As such, successful operation is heavily tied to both physical design and control. In fact, this
coupling underpins all robotic systems since control and hardware design are intrinsically linked.
This thesis therefore investigates the relationship between hardware and control, looking at
how they impact each other and how this relationship can be exploited to improve performance.
Although this work uses the On-Orbit Assembly (OOA) of a large aperture space telescope
using free-flying space robots as a mission concept, the methods developed have applicability
across the entire field of robotics.
There exists no documented design technique for any space robot. In fact, the dimensions and
final design of successful missions are hard to find and never substantiated. This makes it hard
to understand how robotic design impacts performance. This thesis presents a transparent design
approach specific to free-flying space robots. A combined engineering approach is proposed,
considering the mechanics and dynamics of the integrated system in order to present a design
best suited for the OOA of a large aperture telescope. The feasibility of this space robot is
evaluated in simulation and in-depth results are presented. This analysis supports the hypothesis
that a small space robot is a viable solution for OOA and should be used as a starting point for
the design of future systems.
As with the majority of robot design techniques, the initial hardware centered design approach in
this thesis treats the control as immutable. Instead, simultaneous optimisation of hardware and
control parameters is likely to improve overall performance. This is demonstrated by reasoning
over both control and design in a Reinforcement Learning (RL) pipeline. The proposed method
forms a complex differential path through a trajectory rollout, allowing a vast amount of
information that was previously lost in the ‘black-box’ environment to be used. This means
refinements can be made to both the morphology and control parameters simultaneously. The
result is an efficient and versatile approach to holistic robot design. Performance improvements
are seen with the space robot and a number of benchmark tasks compared to just performing
hardware design optimisation.
While it is possible to modify robotic design in conjunction with control to improve performance,
in some instances the design maybe changed with no option to modify the control algorithm.
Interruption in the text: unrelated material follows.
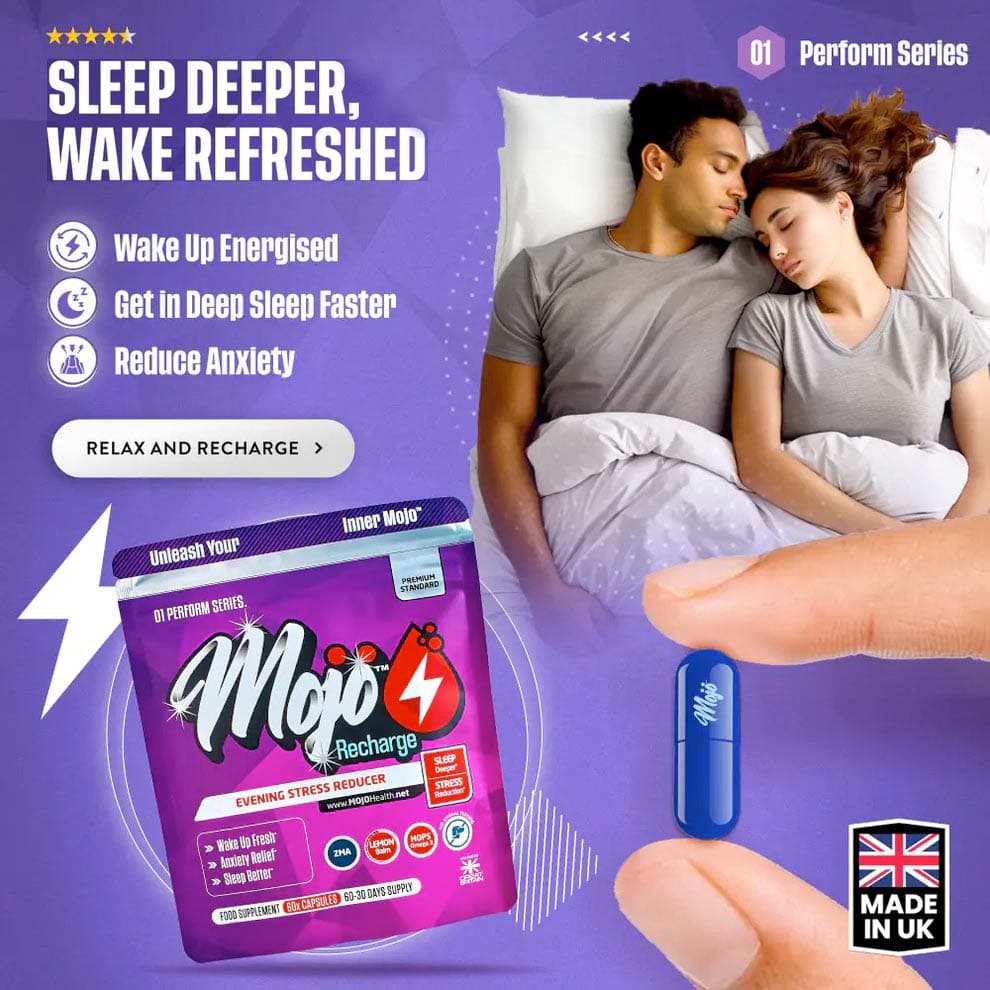 MOJO™ RECHARGE Capsules (Bundle) — cadeau gratuit 2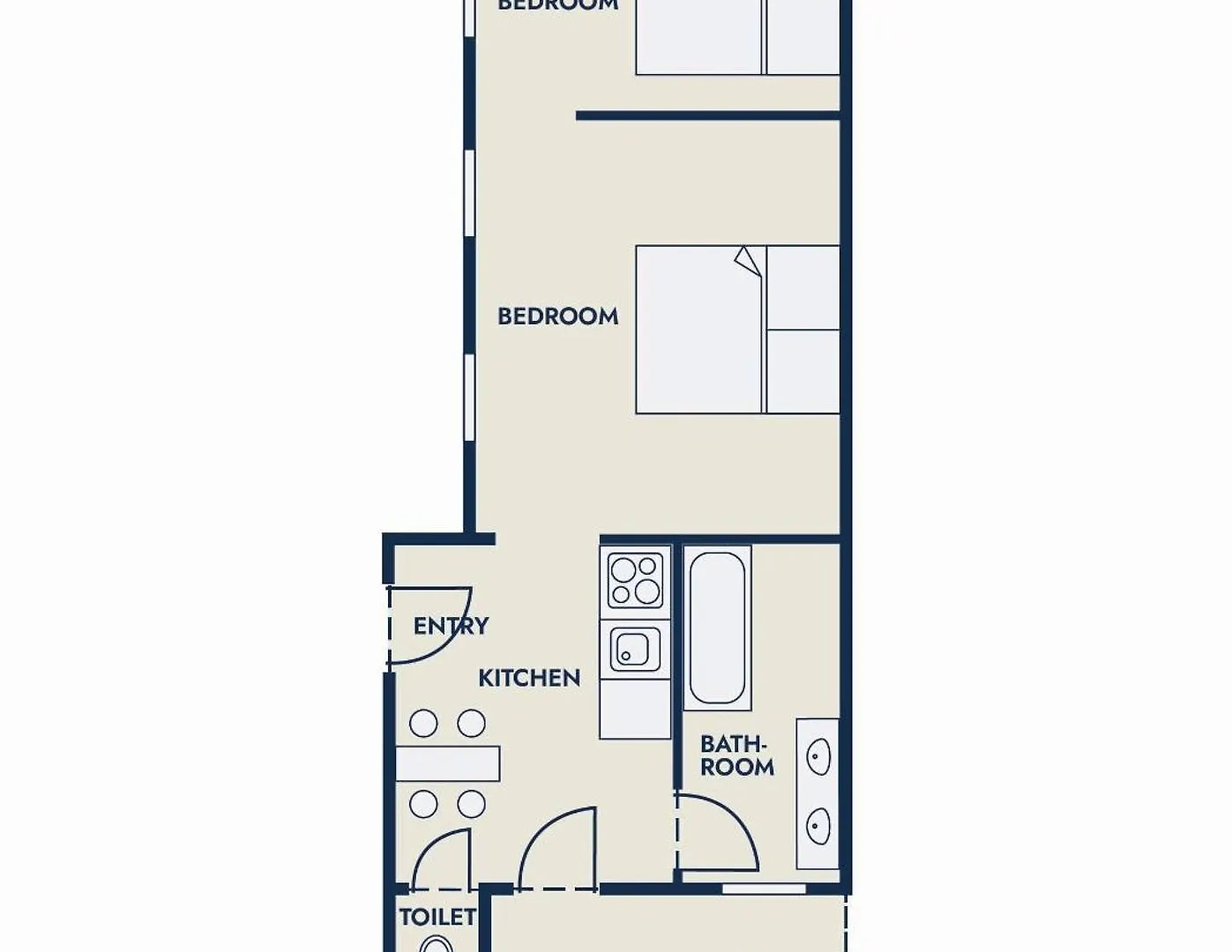 Easy Flat Mariahilf City Living Vienna Apartment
Data scarcity, brittle convergence and the gap between simulation & real world environments
mean that most common RL approaches are subject to overfitting and fail to generalise to unseen
environments. This means the replacement of parts with nonidentical components or the failure
of sensors or joints will most likely render the control algorithm useless. Hardware-agnostic
policies would mitigate this by allowing a single network to operate in a variety of test domains,
where dynamics vary due to changes in robotic morphologies. This thesis utilises the idea
that learning to adapt a known and successful control policy is easier and more flexible than
jointly learning numerous policies for different morphologies. It presents the idea of Hardware
Agnostic RL. In this approach, two control polices are combined and varied embodiments are
sampled using a novel adversarial loss function. This self-regulates morphologies based on their
performance. The result is a final control policy that is robust to changes in the environment as
well as degradation and failure of the robot.